Lessons from Culture Trip’s content engagement strategy for addressing user needs
Is there a career that better reflects the shifting trends in modern media than that of Dmitry Shishkin? Having spent more than 20 years with BBC, his most significant role as digital development editor for BBC World Service, Shiskin left to become chief content officer of travel media startup Culture Trip in January 2019.
The startup wants to be for travel “what Spotify is for music” and the strategies which have enabled its burgeoning success are applicable to all aspects of the online media landscape thanks to Shishkin’s experience across traditional and new media.
Culture Trip has succeeded thanks to three crucial strategies, Shishkin told delegates in the keynote speech today (27 November) at Newsrewired.
First, prioritise creativity and original content at every turn; second, consider content and product as one entity; and third, welcome automation.
This approach has allowed Culture Trip to seize a unique position at the intersection of media, entertainment, and travel (it combines the travel writing of Atlas Obscura with the services of Booking.com), and, as such, providing valuable insight for any media organisation seeking online success.
Original content, explained Shishkin, is vital to differentiating Culture Trip in a crowded online marketplace. Every story must focus on either a “true original” destination or a “classic with a twist”. The title has increased its emphasis on local stories and authenticity too.
“We don’t tend to hire travel writers, it’s much more about local people telling their stories,” he said.
This approach is also reflected in its business model, which employs a network of freelance writers, photographers and filmmakers. The startup has 100 in-house editorial staff who are supported by around 600 freelance contributors around the world – and everyone one of these can provide an original account.
These local voices and personal travel experiences means it can better meet the needs of its audiences. When people tell stories about the places they know best, they are more authentic and are talking about the things users want to hear, says Shiskin. Different cities meet different user needs, he added, an article on pizza in Boston will never be as well-received as one on clam chowder in the city, for example.

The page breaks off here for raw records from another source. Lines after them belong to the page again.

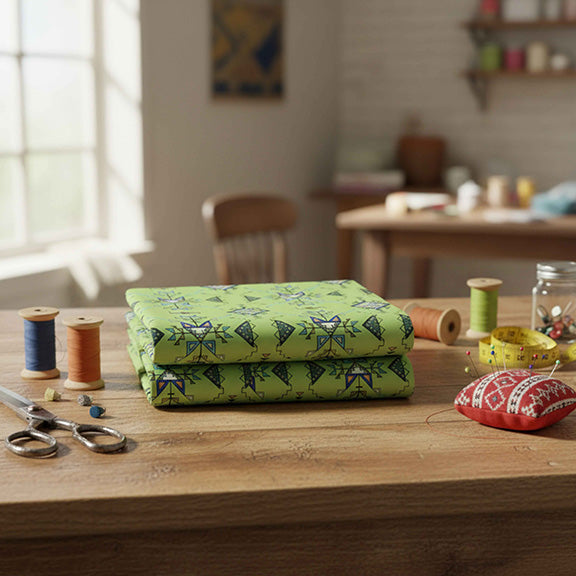 Bear Shield Green Satin Fabric By the Yard Pre Order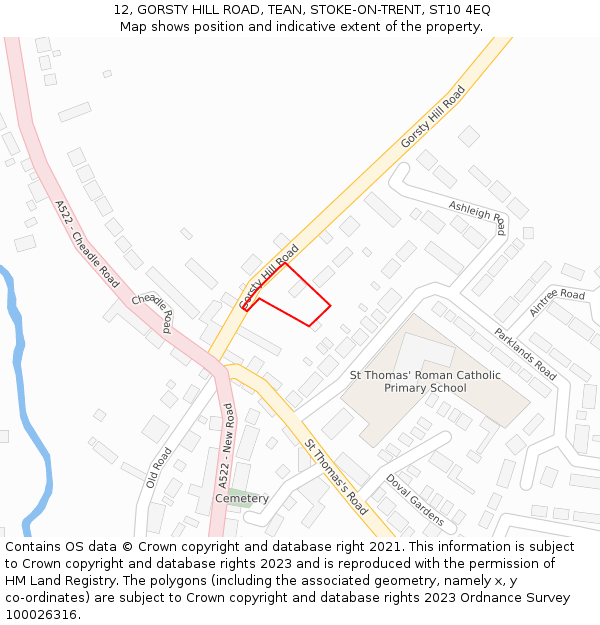 12, GORSTY HILL ROAD, TEAN, STOKE-ON-TRENT, ST10 4EQ: Location map and indicative extent of plot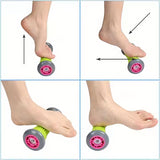 Green And Grey Foot Massage Roller - Plantar Fasciitis & Muscle Relief Tool - Top-Down View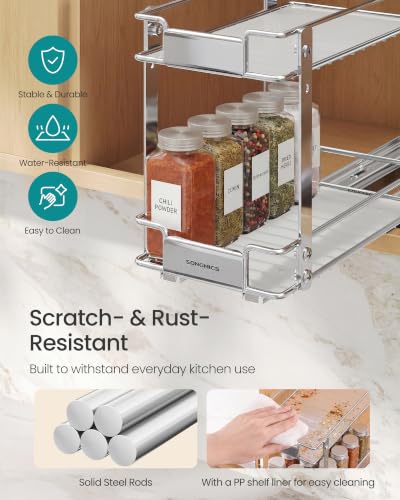 SONGMICS 2 Tier Pull Out Spice Rack for inside Cabinets, Steel | Spice Organizer, Slide Out Cabinet Organizer, for Kitchen Cabinet Storage, Silver UKCS117E101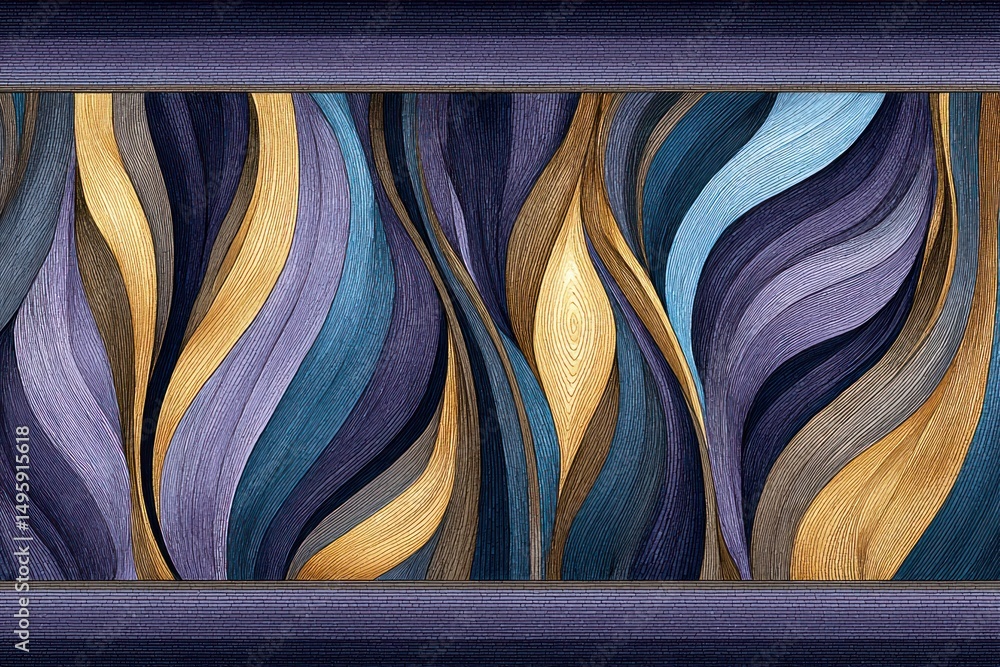 Poster vibrant wavy patterns of gold, blue, and purple create a dynamic modern abstract art display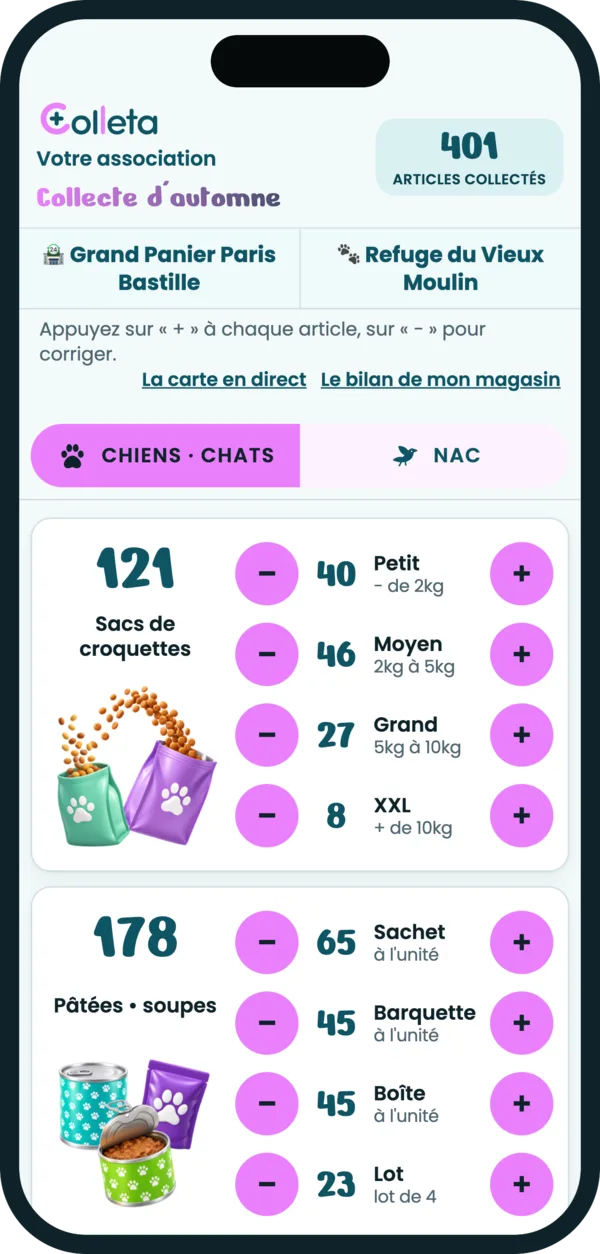 La page de comptage d’un lieu de collecte, ouverte sur un téléphone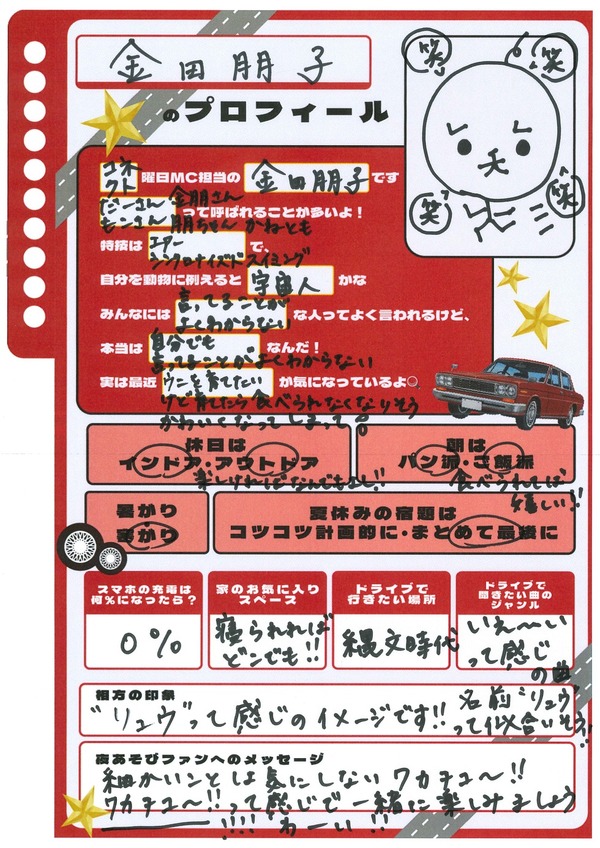 ＜プロフィール帳＞金田朋子さん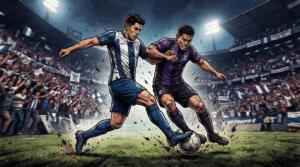 Jugadores de Alianza Atlético y Los Chankas disputan el balón en la liga peruana.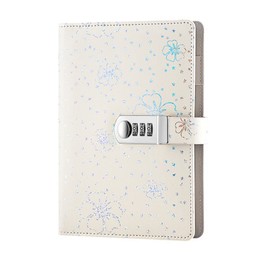 Lockable A5 Size PU Leather Diary Book New Fashion Diary Book Size 145x210mm (Pen is Shooting Props, not Included) TPN107 (White)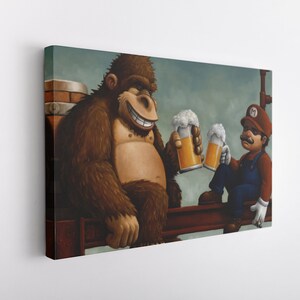 Mario and Donkey Kong Happy Hour Canvas Wall Art | Game Room Artwork ...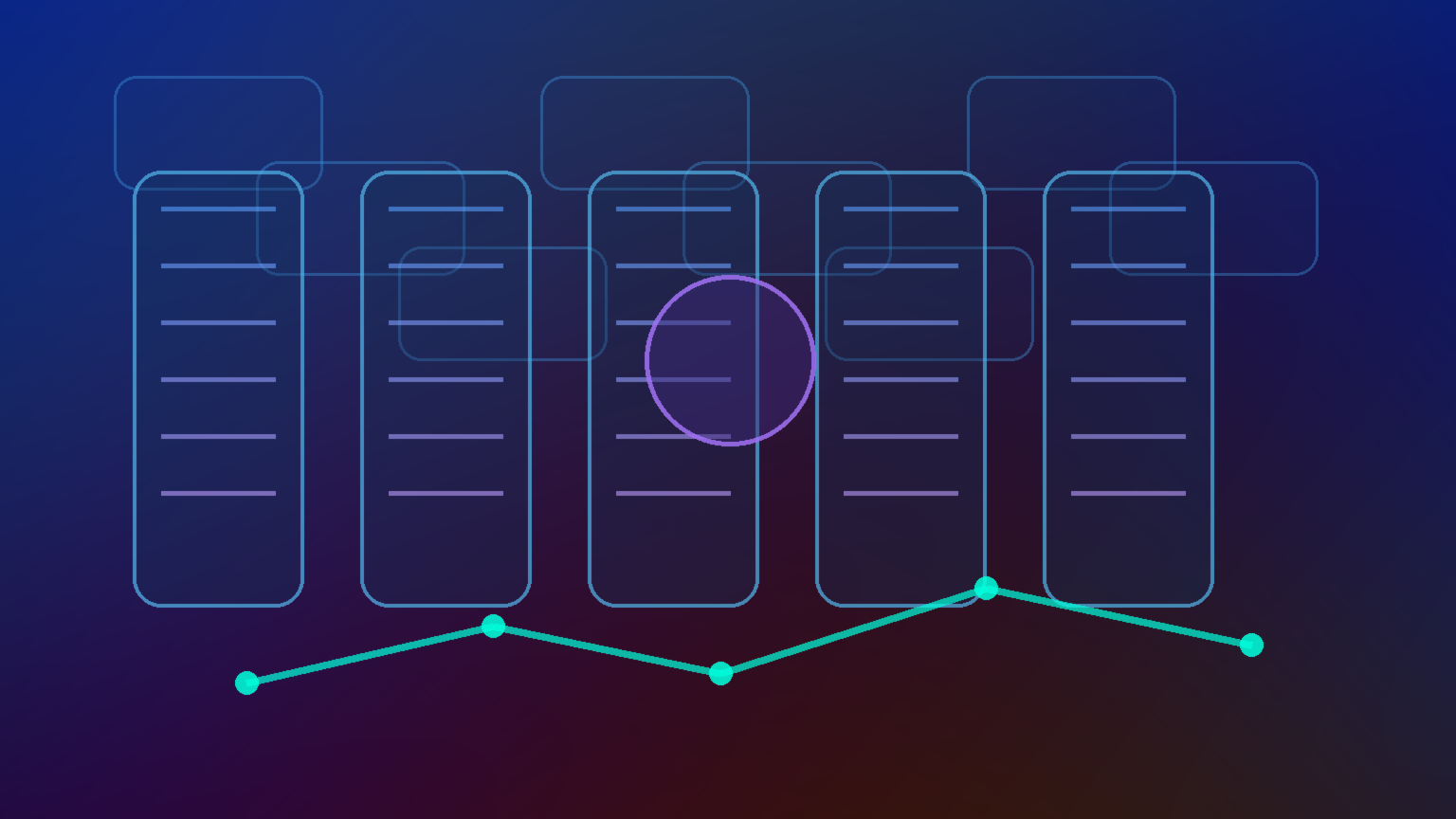 A futuristic ad operations control room built from translucent panels and glowing bidding signals, with conversion paths and feedback loops running through a conversational AI core, rendered in dark blue and purple with cyan light trails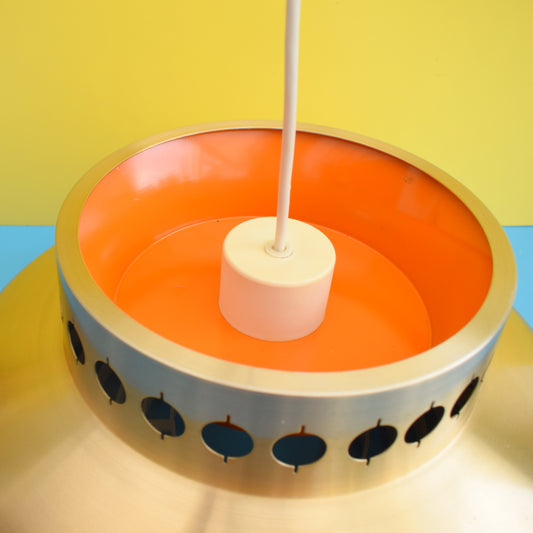 Vintage 1960s Large Swedish Aluminium Light Fitting - Gold & Orange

A focus on creativity is doubly important when content and product are considered as one, said Shiskin. Content should not be produced for content’s sake but must directly respond to user needs. Combining the processes described above with such an editorial intent has ensured Culture Trip’s continues to appear high in search results and retain subscribers. He said that users who visit more than once a month nearly twice as likely to become revenue driving users.
Finally, Shishkin made the case for automation to be used as a tool to enable editorial teams to concentrate their time on being creative in a very granular way. What performs best in Western Europe will not be the case in India, he suggested. A better understanding of the analytics behind a piece of content’s success will help when deciding whether to repeat a commission or retire it. After all, most content ‘decays’ eventually.
The strategies outlined by Shishkin are part of the future of online media production. Culture Trip has doubled-down on travel writing, but the broader principles at play – decentralised, multiform content production focused on specific user needs, rather than tightly managed, brand-specific writing – could guide the way in an uncertain media environment. The future of distribution and consumption is unstable; the only response for publishers is to be flexible. Here, Shishkin has shown at least one way how.